*** Opening of DATASET ENTRIES ***
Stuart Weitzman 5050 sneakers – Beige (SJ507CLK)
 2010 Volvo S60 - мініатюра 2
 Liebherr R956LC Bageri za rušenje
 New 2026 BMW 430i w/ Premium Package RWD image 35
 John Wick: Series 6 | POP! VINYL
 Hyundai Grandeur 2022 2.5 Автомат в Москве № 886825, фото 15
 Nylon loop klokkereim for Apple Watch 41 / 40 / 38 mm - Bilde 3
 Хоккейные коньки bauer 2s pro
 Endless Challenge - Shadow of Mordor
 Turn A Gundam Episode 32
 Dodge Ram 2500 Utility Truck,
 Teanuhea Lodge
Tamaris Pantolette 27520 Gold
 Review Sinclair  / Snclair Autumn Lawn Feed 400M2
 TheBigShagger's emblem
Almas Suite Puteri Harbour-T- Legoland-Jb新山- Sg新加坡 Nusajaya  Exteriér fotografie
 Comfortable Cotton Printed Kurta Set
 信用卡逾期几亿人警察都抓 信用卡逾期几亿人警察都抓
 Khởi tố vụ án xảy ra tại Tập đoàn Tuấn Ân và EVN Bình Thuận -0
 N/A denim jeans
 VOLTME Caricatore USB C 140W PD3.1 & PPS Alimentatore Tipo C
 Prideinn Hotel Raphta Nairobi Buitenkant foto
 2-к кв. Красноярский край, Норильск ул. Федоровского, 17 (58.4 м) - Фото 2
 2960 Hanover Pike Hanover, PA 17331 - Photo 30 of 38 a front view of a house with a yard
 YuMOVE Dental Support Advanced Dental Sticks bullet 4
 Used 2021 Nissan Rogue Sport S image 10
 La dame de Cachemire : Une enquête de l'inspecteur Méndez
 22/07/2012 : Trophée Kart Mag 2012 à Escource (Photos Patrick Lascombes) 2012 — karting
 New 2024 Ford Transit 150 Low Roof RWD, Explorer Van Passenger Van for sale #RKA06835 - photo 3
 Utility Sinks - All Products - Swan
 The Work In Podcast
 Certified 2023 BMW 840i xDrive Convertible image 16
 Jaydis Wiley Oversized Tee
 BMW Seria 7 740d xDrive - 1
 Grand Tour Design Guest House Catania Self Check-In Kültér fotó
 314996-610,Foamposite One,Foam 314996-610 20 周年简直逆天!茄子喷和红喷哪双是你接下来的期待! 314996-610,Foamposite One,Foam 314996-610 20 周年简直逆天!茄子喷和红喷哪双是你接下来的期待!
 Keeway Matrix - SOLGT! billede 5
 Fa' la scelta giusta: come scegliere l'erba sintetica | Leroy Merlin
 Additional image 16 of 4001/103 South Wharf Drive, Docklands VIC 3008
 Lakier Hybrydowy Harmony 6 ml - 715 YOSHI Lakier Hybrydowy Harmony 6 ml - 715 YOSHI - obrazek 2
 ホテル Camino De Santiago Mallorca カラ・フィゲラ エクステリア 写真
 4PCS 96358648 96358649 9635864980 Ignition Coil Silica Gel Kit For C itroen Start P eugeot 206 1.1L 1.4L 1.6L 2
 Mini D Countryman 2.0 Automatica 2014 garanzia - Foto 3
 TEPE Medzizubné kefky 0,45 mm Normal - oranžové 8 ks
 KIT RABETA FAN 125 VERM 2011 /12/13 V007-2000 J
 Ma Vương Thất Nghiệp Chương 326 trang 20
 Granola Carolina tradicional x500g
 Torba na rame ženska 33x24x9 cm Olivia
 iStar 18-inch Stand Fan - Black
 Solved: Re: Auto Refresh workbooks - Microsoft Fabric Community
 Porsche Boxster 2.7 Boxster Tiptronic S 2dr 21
*** Close of DATASET ENTRIES ***
**WHAT THE TASK ASKS**
What you give back must be the stretch above, starting at the line with "Tamaris Pantolette 27520 Gold" and ending at the line with "Keeway Matrix - SOLGT! billede 5", copied exactly.

**ANSWER SPACE**
Tamaris Pantolette 27520 Gold
 Review Sinclair  / Snclair Autumn Lawn Feed 400M2
 TheBigShagger's emblem
Almas Suite Puteri Harbour-T- Legoland-Jb新山- Sg新加坡 Nusajaya  Exteriér fotografie
 Comfortable Cotton Printed Kurta Set
 信用卡逾期几亿人警察都抓 信用卡逾期几亿人警察都抓
 Khởi tố vụ án xảy ra tại Tập đoàn Tuấn Ân và EVN Bình Thuận -0
 N/A denim jeans
 VOLTME Caricatore USB C 140W PD3.1 & PPS Alimentatore Tipo C
 Prideinn Hotel Raphta Nairobi Buitenkant foto
 2-к кв. Красноярский край, Норильск ул. Федоровского, 17 (58.4 м) - Фото 2
 2960 Hanover Pike Hanover, PA 17331 - Photo 30 of 38 a front view of a house with a yard
 YuMOVE Dental Support Advanced Dental Sticks bullet 4
 Used 2021 Nissan Rogue Sport S image 10
 La dame de Cachemire : Une enquête de l'inspecteur Méndez
 22/07/2012 : Trophée Kart Mag 2012 à Escource (Photos Patrick Lascombes) 2012 — karting
 New 2024 Ford Transit 150 Low Roof RWD, Explorer Van Passenger Van for sale #RKA06835 - photo 3
 Utility Sinks - All Products - Swan
 The Work In Podcast
 Certified 2023 BMW 840i xDrive Convertible image 16
 Jaydis Wiley Oversized Tee
 BMW Seria 7 740d xDrive - 1
 Grand Tour Design Guest House Catania Self Check-In Kültér fotó
 314996-610,Foamposite One,Foam 314996-610 20 周年简直逆天!茄子喷和红喷哪双是你接下来的期待! 314996-610,Foamposite One,Foam 314996-610 20 周年简直逆天!茄子喷和红喷哪双是你接下来的期待!
 Keeway Matrix - SOLGT! billede 5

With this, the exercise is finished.